A slightly less dramatic version of this question was considered by two famous mathematicians, back in 1654. Through an exchange of letters, Pascal and Pierre de Fermat reasoned that in this situation, it would make sense to imagine that the game continued to the end (and there is a winner), and give each player a fraction of the money proportional to the number of final outcomes that they would have won. In our example, with a score of 8-7, you would win more of those outcomes (11 out of 16) than your friend, and so you should get $ \$50 \times\frac{11}{16} = \$ 34.38. $

These mathematicians basically reduced a philosophical problem (i.e., how to fairly redistribute the money) to one of counting, which turns out to be at the heart of all sorts of interesting problems in probability. Counting seems pretty straightforward in principle, but as with many things, the devil is in the details — depending on how and what you’re counting, you might be in for some mental trauma. In this article, I’ll go over the familiar idea of probability as the frequency of something happening, and introduce set theory as a language that allows for complex ideas to be modeled and manipulated in a very natural way. Nothing is assumed: we’ll go through everything you need right here.

Table of Contents

The meaning of probability

What does it mean to talk about the “probability” of something happening? Take a moment and think about the meaning of the word in these two sentences:

(a) the probability of your toast falling out of your plate and landing butter-side-up;
(b) the probability that the dog ate your homework.

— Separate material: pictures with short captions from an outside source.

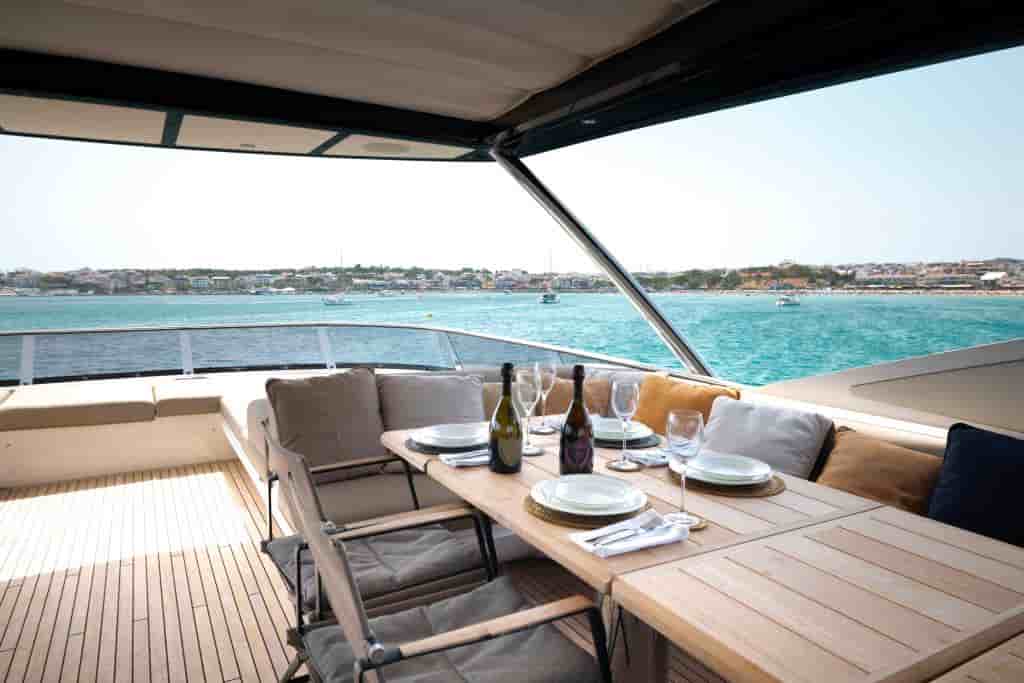 Sunseeker 90 Ocean - View 37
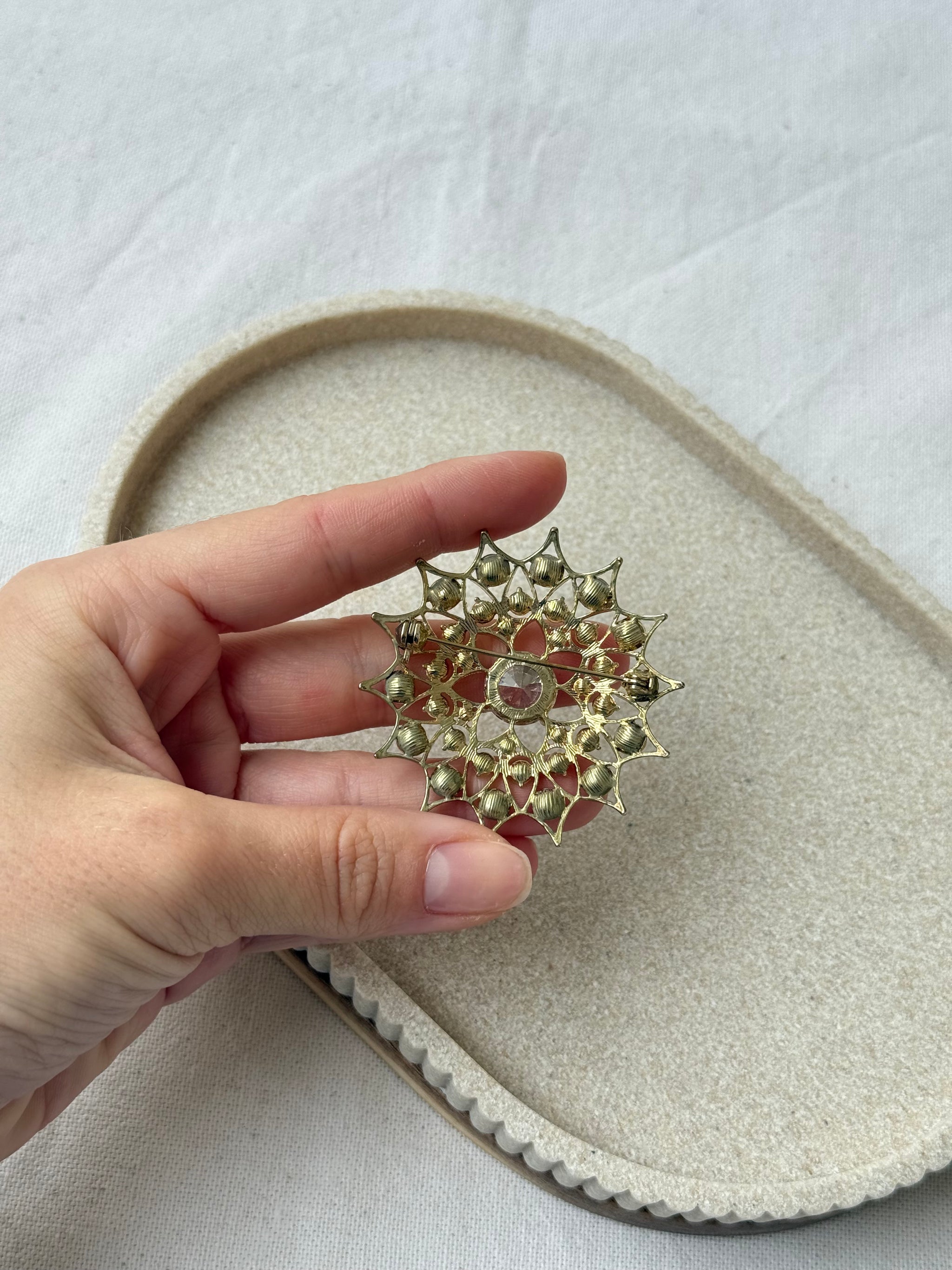 Broche vintage - Rosace de strass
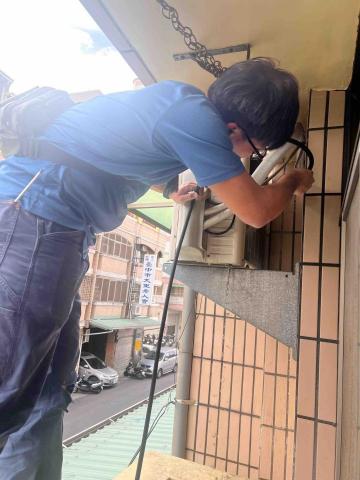 祺勝 - 大里長春街冷氣清洗(室外機) 祺勝 - 大里長春街冷氣清洗(室外機)
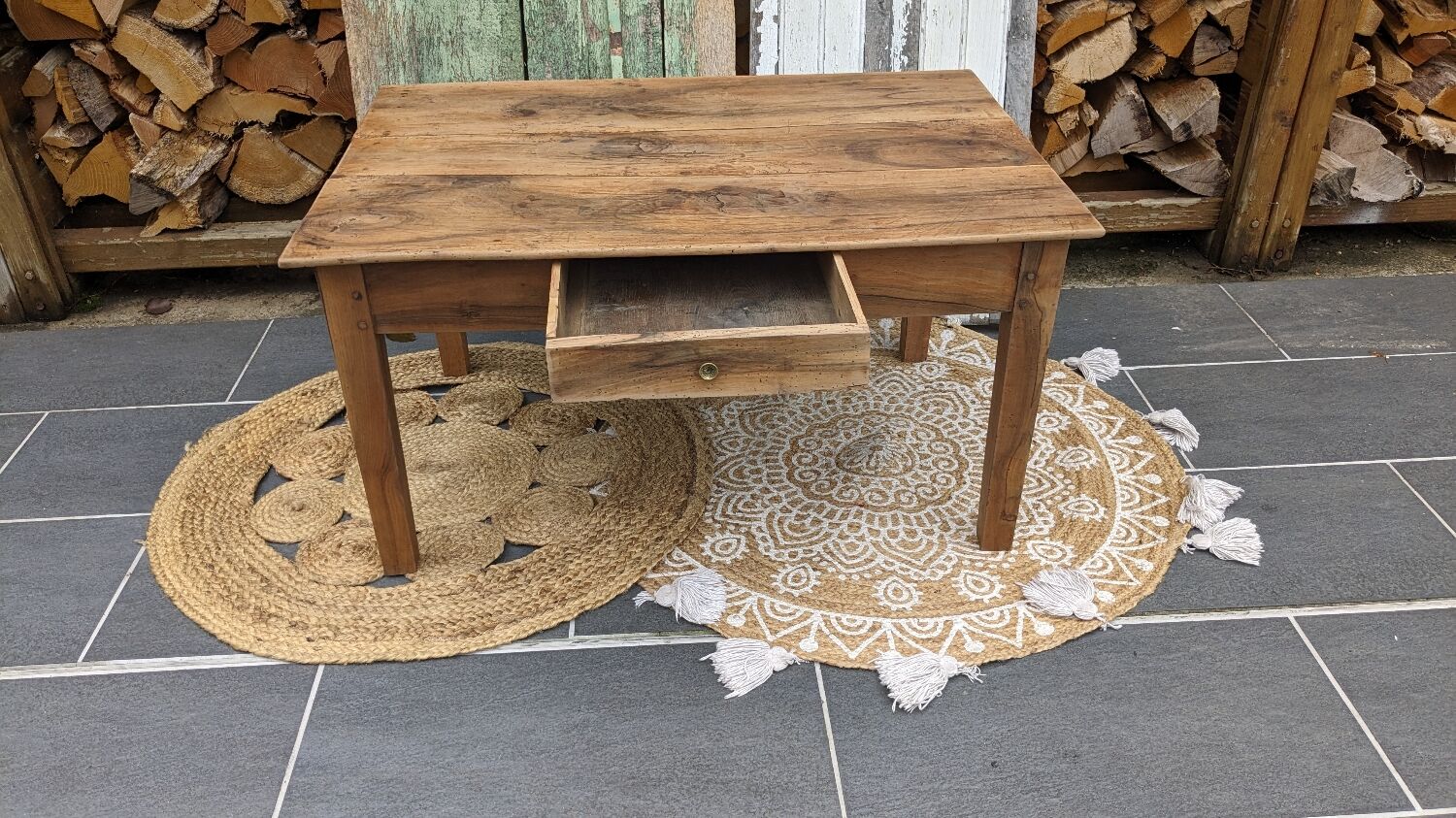 Coffee farmhouse table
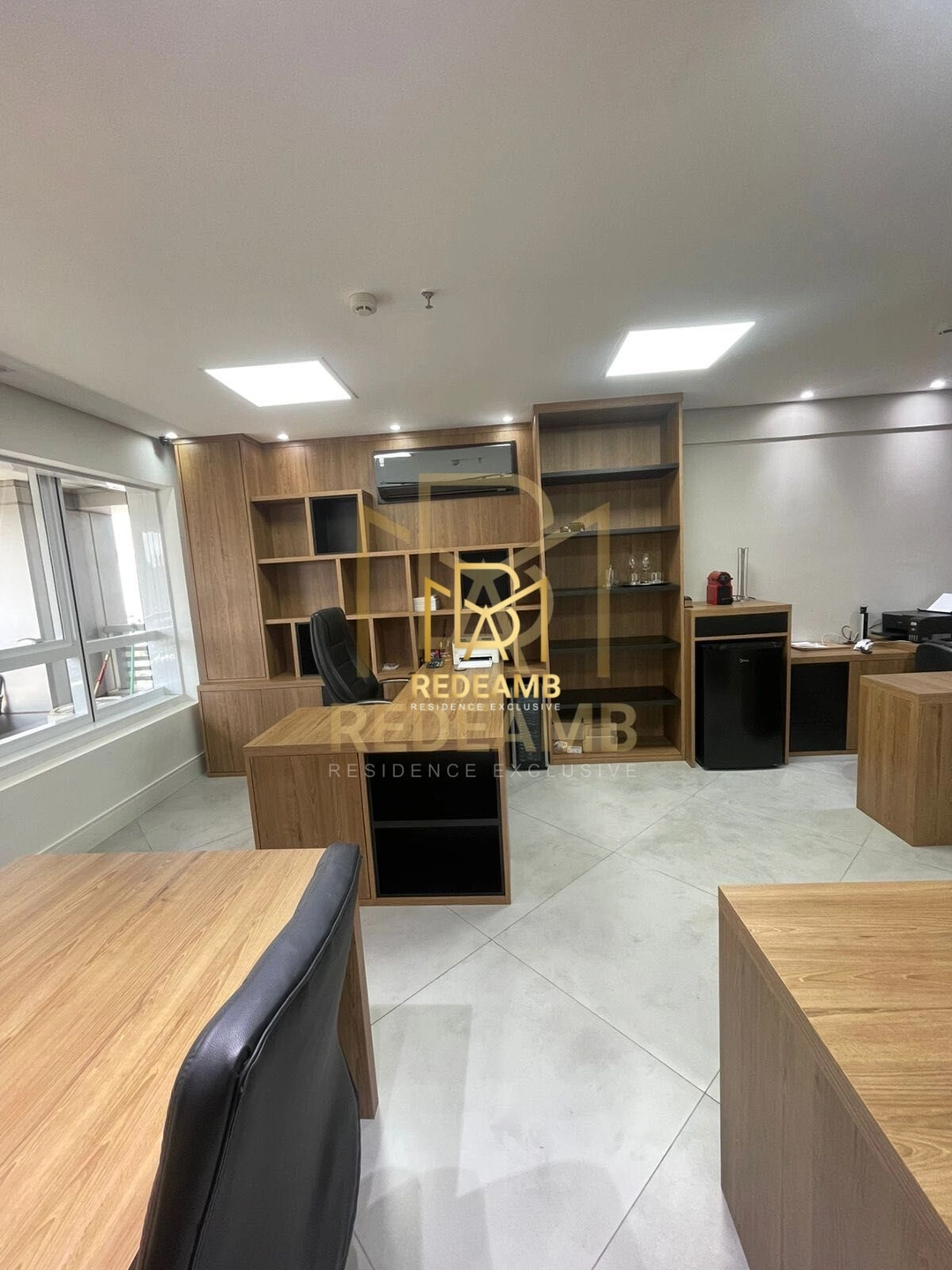 Sala comercial para Locação com 42m2 totalmente mobiliada e decorada no Office Bethaville em Barueri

If you write the probability of (a) as $P(\textrm{falling toast lands butter-side-up}) = 0.3$, the usual interpretation might be something like, “if I dropped my toast a thousand times, the percentage of times that it would land butter-side-up would be around 30%”. In this situation, the meaning of probability is related to the frequency of something happening.

But what about (b)? It doesn’t really make sense to imagine a thousand rounds of the dog eating your homework. Here, $P(\textrm{dog ate homework}) = 0.999$ is a statement of your belief that the dog, with bits of lined paper stuck to his mouth, almost certainly had his way with your homework.

As you can see, the choice of interpretation depends on what you’re trying to model. In either case, by assigning a probability to something, we’re trying to describe a situation whose outcome is uncertain. We’ll start talking about the essential ingredients for such a description, and get you acquainted with a handful of terms that are common in probability.

Modeling uncertainty

To model an uncertain situation, or an experiment, we need to work out:

1. every possible thing that can happen, and
2. the probability of each thing happening.

The set of “every possible thing that can happen” is better known as the sample space, written as $\Omega$. In our “falling toast” situation, we could imagine that there are only two possible outcomes: (1) the toast lands butter-side-up (or “face-up”), denoted as $U$, or (2) it lands face-down, $D$. Then the sample space is the set of possibilities, $\Omega = \{U,D\}$.

Now let’s run through the probabilities for some “things that can happen”, which we define as events. We’re really talking about subsets of the sample space. There are only two possible events in our experiment, and so they both have non-zero probabilities. Since $P(\{U\}) = 0.3$, we know intuitively that $P(\{D\}) = P(\{\textrm{not }U\}) = 1-0.3 = 0.7$. There’s the (absolutely certain) event $\{U\textrm{ or } D\}$ that the toast lands either face-up or face-down, whose certainty is expressed as $P(\{U\textrm{ or } D\}) = 1$. We can also talk about impossible events, like the event that the toast lands simultaneously face-up and face-down, $\{U\textrm{ and } D\}$. This event is not in our sample space $\Omega$, so $P(\{U\textrm{ and } D\}) = 0$.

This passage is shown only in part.